Harvard University Electricity Policy Group
The Harvard Electricity Policy Group (HEPG) is run by Ashley Brown, a former commissioner on the Ohio Public Utilities Commission, who has publicly criticized distributed renewable energy repeatedly for months while also providing expert testimony on behalf of utility companies in regulatory hearings. Based at the Mossavar-Rahmani Center for Business and Government at Harvard University’s John F. Kennedy School of Government, HEPG has existed since 1993.

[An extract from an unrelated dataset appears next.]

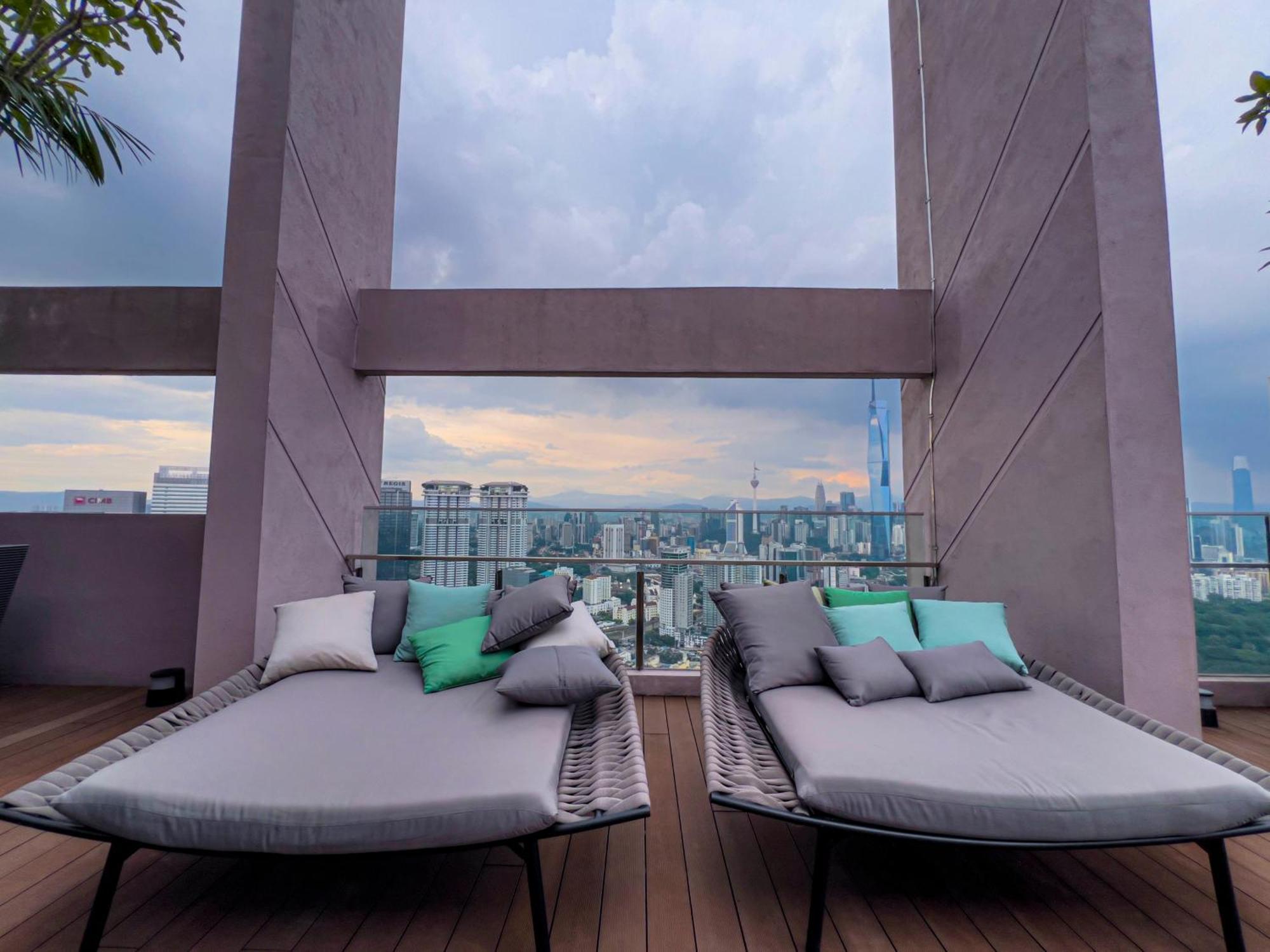 Sky Pool Suites Kl Sentral - Riveria City Kuala Lumpur Bagian luar foto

Recently, Brown has written journal pieces, including one in the December 2014 issue of publisher Elsevier’s The Electricity Journal. The articles argue that solar advocates overvalue distributed generation and the “value of solar” approach is severely flawed. Elsevier failed to acknowledge the industry funding of HEPG and Brown’s connections as a private consultant to the utility industry. A similar failure occurred when Elsevier published six articles authored by scientist Willie Soon but did not disclose the funding. Soon was paid by Southern Company along with ExxonMobil for research casting doubt on mainstream climate science.
Brown also had an opinion piece published in Utility Dive in March 2015 that concluded:
Rooftop solar is the least-efficient and least cost-effective form of renewable generation, and subsidies to DG solar end up biasing the market against more efficient and cost-effective renewable sources. It is highly likely that overpayments for DG have the effect of squeezing more efficient forms of renewable energy out of energy markets by using preferential pricing to grab a disproportionate share, ultimately driving up the cost of reducing carbon.
Brown has also written to The New York Times after the newspaper’s editorial board published an article titled, “The Koch Attack on Solar Energy.” Brown writes, “What was proposed in Arizona and elsewhere is not a tax, but rather a fairer, less socially regressive distribution of network costs.”
On July 29, 2015, Brown addressed the National Governors Association with a presentation titled, “Protecting Customers and Addressing Cross-Subsidization: Unintended Consequences of Retail Net Metering.” In the presentation, Brown claims there is a “massive wealth transfer to solar installers with no appreciable consumer benefit.”
Brown also testified before the Wisconsin Public Service Commission on behalf of We Energies. In the decision, the judge called out that the testimony from the utility side for telling stories but not providing sufficient evidence. The judge said, “The strong impression this Court has when we look at the evidence that was presented … these are stories, but they’re not empirical, and they happen to be stories spun by a company that is facing competition from the people who are now going to be paying these higher rates.”
Finally, in recent testimony in Oklahoma, Brown compared a solar industry-backed group to a parent murderer, saying:
The more net metering for distributed generation continues, the more problematic the inclusion of additional costs within the “energy charge” becomes. For TASC [The Alliance for Solar Choice, a pro-solar organization] to raise this issue is extraordinarily ironic—they once again resemble the patricidal child who pleads for mercy because he is an orphan.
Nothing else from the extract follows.